Beyond being (hopefully, eventually) better for our users, this seems like a sensible guiding principle for small teams that need the support burden to scale sub-linearly to the number of customers. (Logarithmic scaling of support would be nice, and seems achievable with this approach.)


Comments (2)

Adam

"In some cases, we'd write up a length, in-depth help doc only to realize that the whole article was just compensating for sloppy product design." 

this is great

Kirsten Gibbs

I love the thinking here.   Keep coming back to what the customer is trying to achieve.

"In some cases, we'd write up a length, in-depth help doc only to realize that the whole article was just compensating for sloppy product design."  

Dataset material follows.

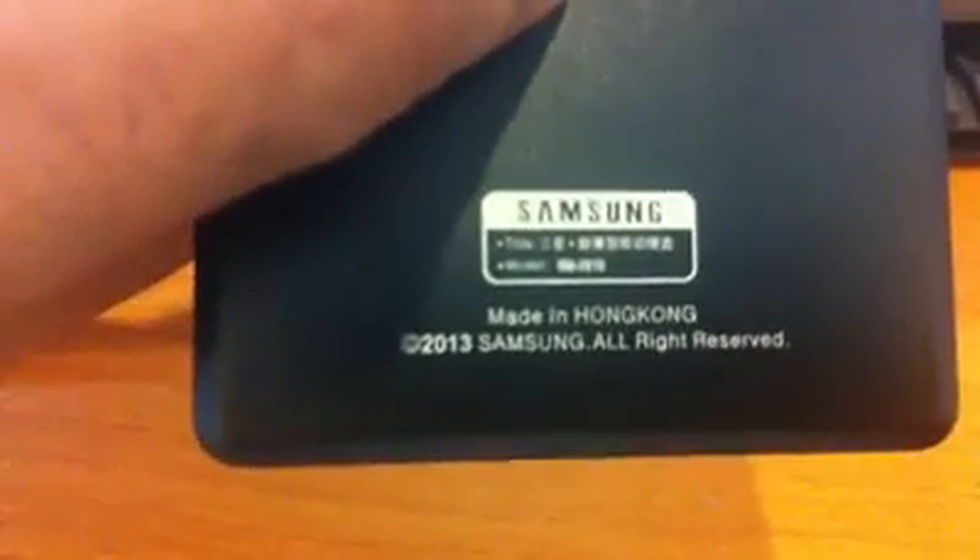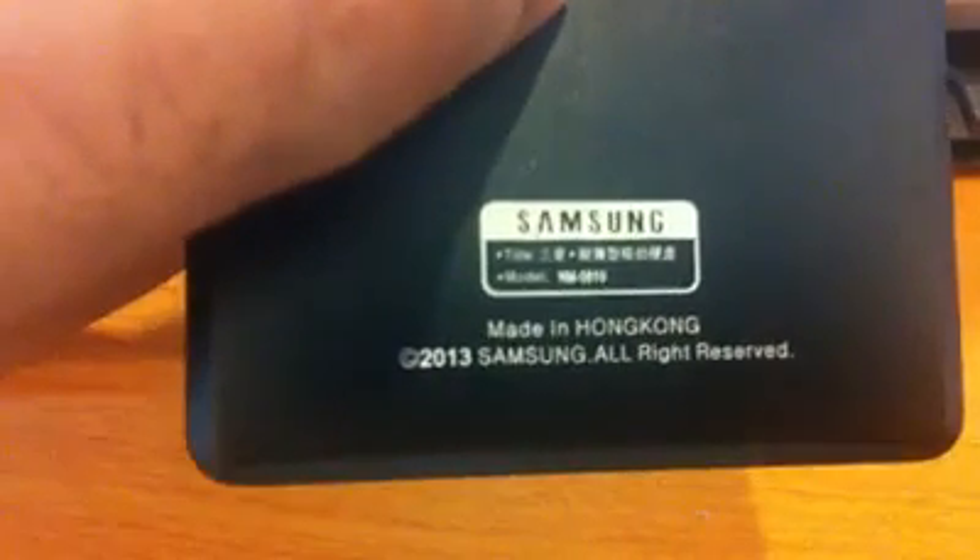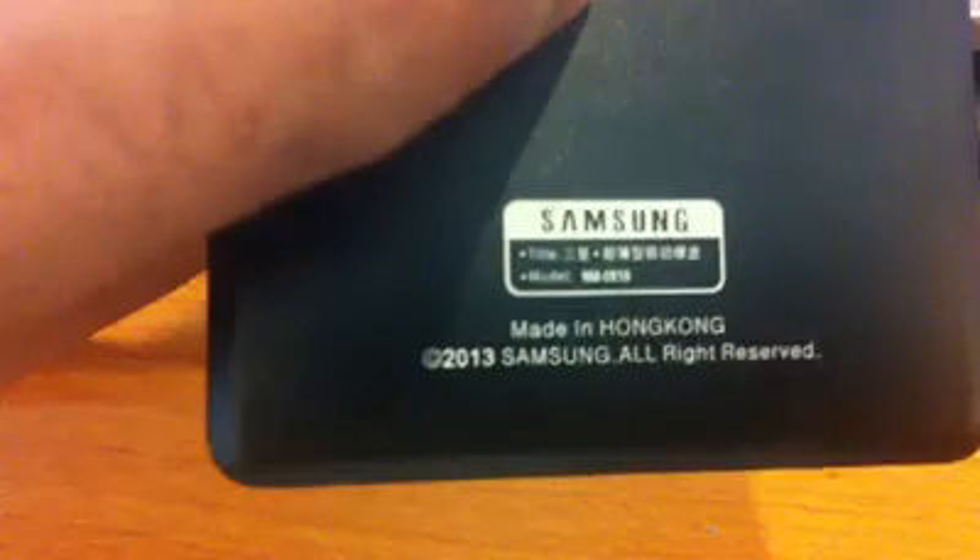This is a 2TB hard disk. For example, this is a partition.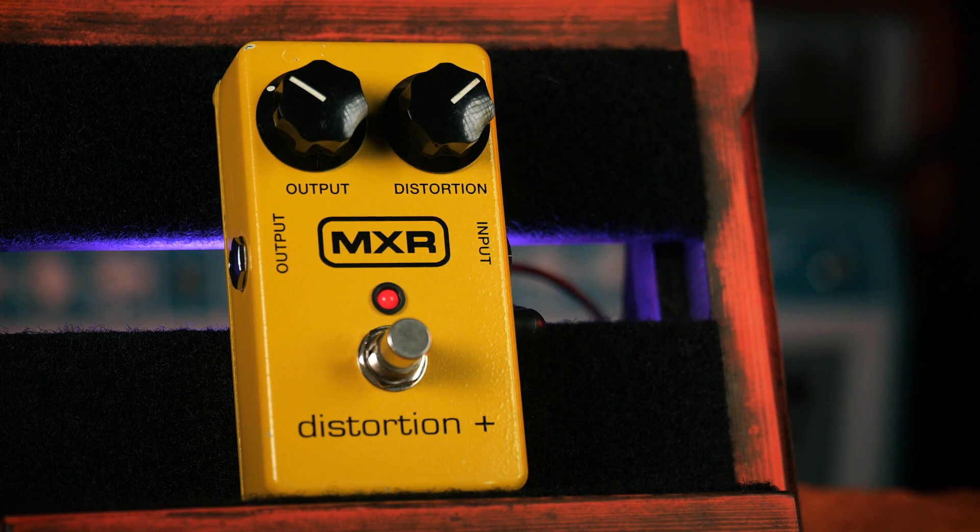MXR may have been the first to implement this design, and most importantly gained enough commercial success that we're still talking about their pedal to this day, but they didn't stay the only one for very long. By 1978 we had the ProCo RAT and the Boss DS1, and probably countless others all building on that non-inverting op-amp arrangement. Even very complex modern distortion circuits — once you strip away the active EQ controls and all the quality of life innovations — you'll find at their very core a circuit that looks remarkably similar to MXR's Distortion Plus.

Maybe you had to do that to arrive at that realization?

I've just had a similar experience:   

A client asked for the information in their Score to be presented as a Gantt Chart.  ( An example of what I used to call in my IT days 'a solution masquerading as a requirement' .   How we forget what we know!)

I and my developer struggled with this until we realized that the whole point of a Score is NOT TO BE A GANTT CHART.   We were at risk of deforming the product to produce something less valuable than it.

So the client and I went back to first principles to enquire what we were really trying to do.   The answer was something much simpler (and hopefully easier to achieve) without compromising the product.

But we probably had to go through all that for both myself and the customer to realise it.